LEPAE, Department of Chemical Engineering, Faculty of Engineering, University of Porto, Rua Roberto Frias, Porto, Portugal.
J Pept Sci. 2013 Sep;19(9):581-7. doi: 10.1002/psc.2535. Epub 2013 Aug 6.
The amyloid β-peptide with a sequence of 42 amino acids is the major constituent of extracellular amyloid deposits in Alzheimer's disease plaques. The control of the peptide self-assembly is difficult to achieve because the process is fast and is affected by many variables. In this paper, we describe the effect of different charged and non-charged surfactants on Aβ(₁₋₄₂) fibrillation to define common alternate aggregation pathways. The characterization of the peptide-surfactant interactions by ultra-structural analysis, thioflavin T assay and secondary structure analysis, suggested that charged surfactants interact with Aβ(₁₋₄₂) through electrostatic interactions. Charged micelles slow down the aggregation process and stabilize the peptide in the oligomeric state, whereas non-charged surfactants promote the Aβ(₁₋₄₂) fibril formation.

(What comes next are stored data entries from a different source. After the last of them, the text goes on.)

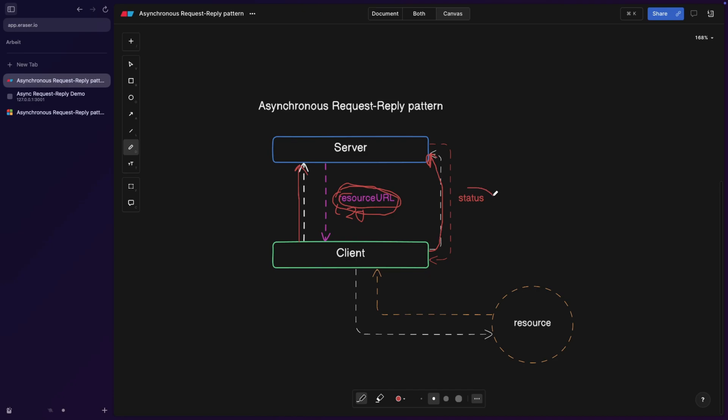We're going to send the specific ID to check the status. If the status is 200, it means we're still processing. If the status is 301, it means it's finished, and we automatically get redirected. Where do we get redirected? We get redirected to this resource. And as soon as we get redirected here, we basically are done.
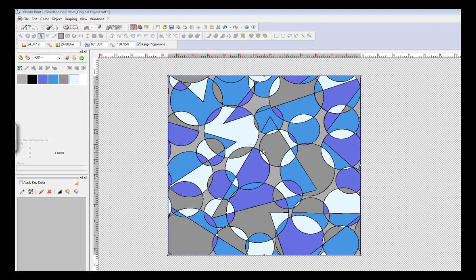Hi, this is Michelle Courtois and today I'm going to teach you how to recolor an artwork using the Colorways module.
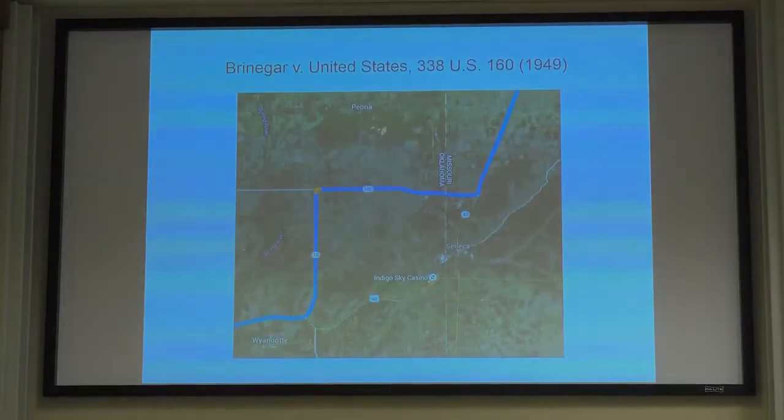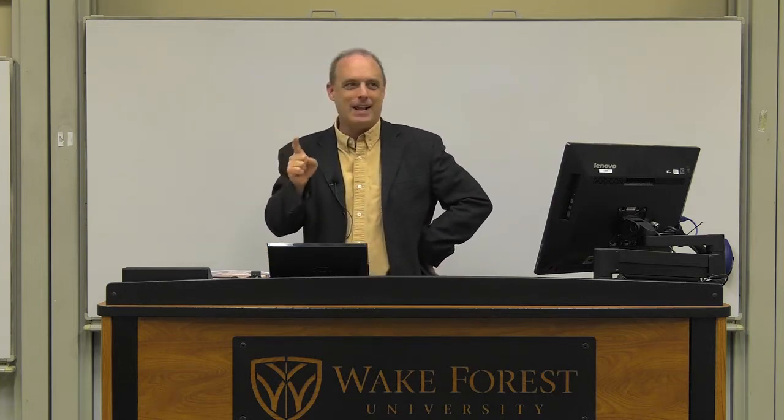The agents — named Malset and Crean — see this guy, Virgil Brinegar. They say, 'I've seen that guy before. I arrested him five months ago for transporting liquor. And I saw him a couple times in the last couple of months loading up his car full of liquor in Missouri — it looked like an awful lot of liquor. I think he might be buying liquor again and bringing it to Oklahoma.' As they pass each other on the highway, they noticed he sped up, hit the gas, and is trying to get away. His car seems to be swaying a lot, like it's got a lot of extra weight in it.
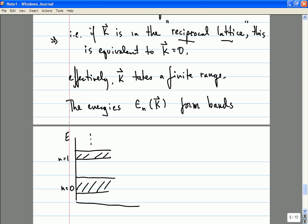This concludes everything I wanted to say about discrete symmetries. As you can see, they're incredibly important, and just as important are continuous symmetries, which we'll begin to learn about on Friday.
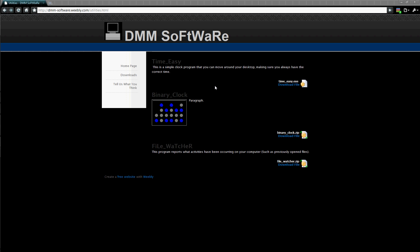Alright, this is DMM Software bringing you another product I have. It's called File Watcher.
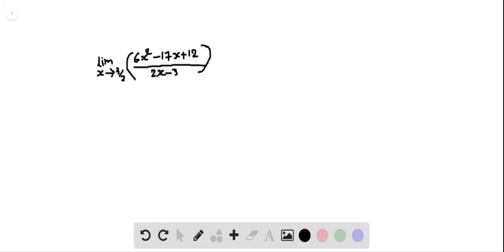We are going to be evaluating the limit as x approaches 3/2 of the function 6x squared minus 17x plus 12, divided by 2x minus 3.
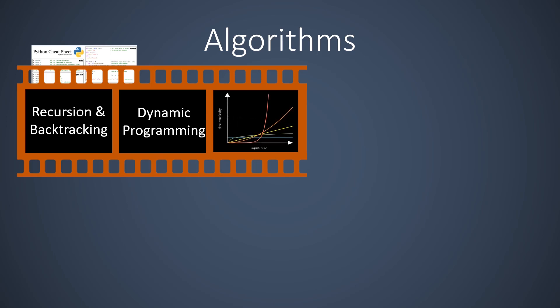These three videos complete the first part of chapter 1. We now know some powerful algorithmic techniques that are all related to each other. Many computational problems can be solved with these techniques.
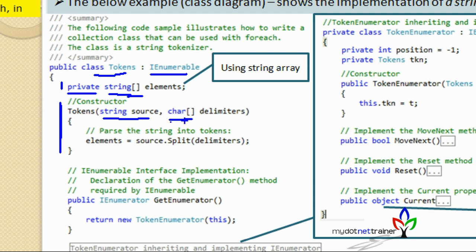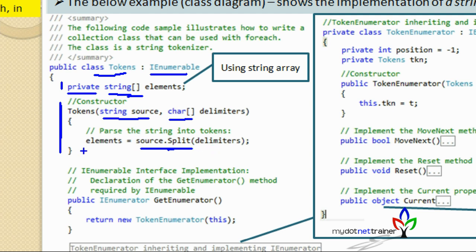You can pass any number of delimiters — space, hyphen, tab, and so on. Inside the constructor, we use the string method Split, passing the delimiters. Split breaks the whole string by the given delimiters and returns a string array. This is stored as the private member 'elements'. The constructor essentially breaks the full sentence into individual words and stores them in the elements array.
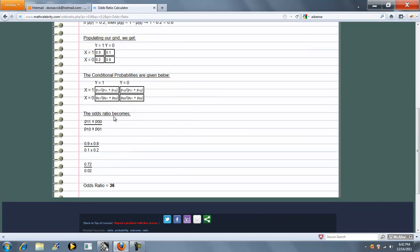We set up our odds ratio multiplication, substitute our numbers, and we're left with our odds ratio of 36.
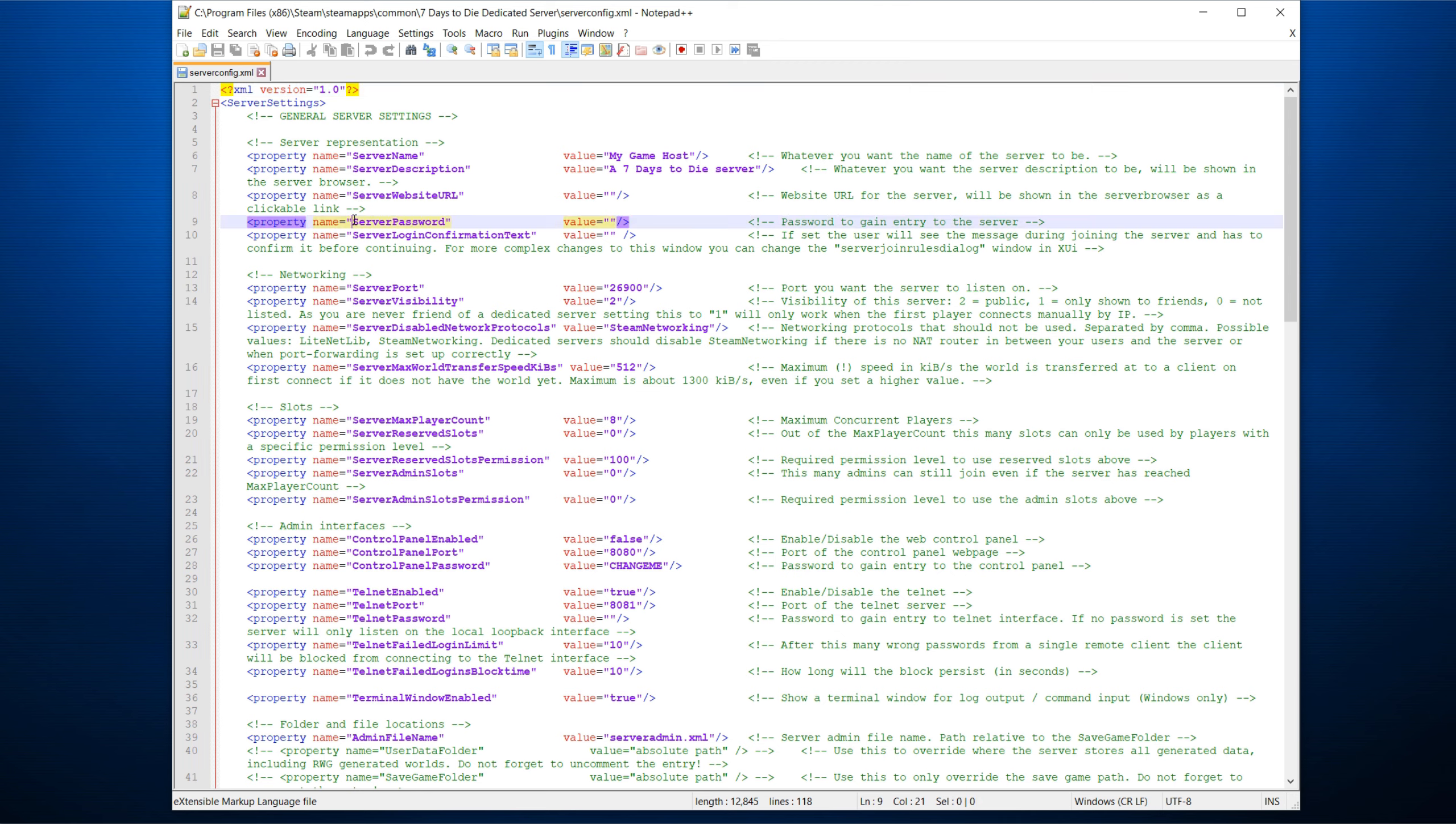Server name and server description, you decide that yourself. Same with the server website URL. Server password. If you don't want people to be able to just log into it, put something there. I always do that. Server login confirmation text can be useful because it means that when people join the server, right before they enter it, there'll be a box that they then have to confirm or leave. So they don't just spawn in immediately.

β-淀粉样肽由 42 个氨基酸组成,是阿尔茨海默病斑块中细胞外淀粉样沉积物的主要成分。由于该过程速度很快,并且受到许多变量的影响,因此难以控制肽的自组装。在本文中,我们描述了不同带电和不带电表面活性剂对 Aβ(1-42)纤维形成的影响,以确定常见的替代聚集途径。通过超微结构分析、硫黄素 T 测定和二级结构分析对肽-表面活性剂相互作用进行了表征,结果表明带电表面活性剂通过静电相互作用与 Aβ(1-42)相互作用。带电胶束会减缓聚集过程并使肽稳定在寡聚状态,而不带电的表面活性剂则会促进 Aβ(1-42)纤维的形成。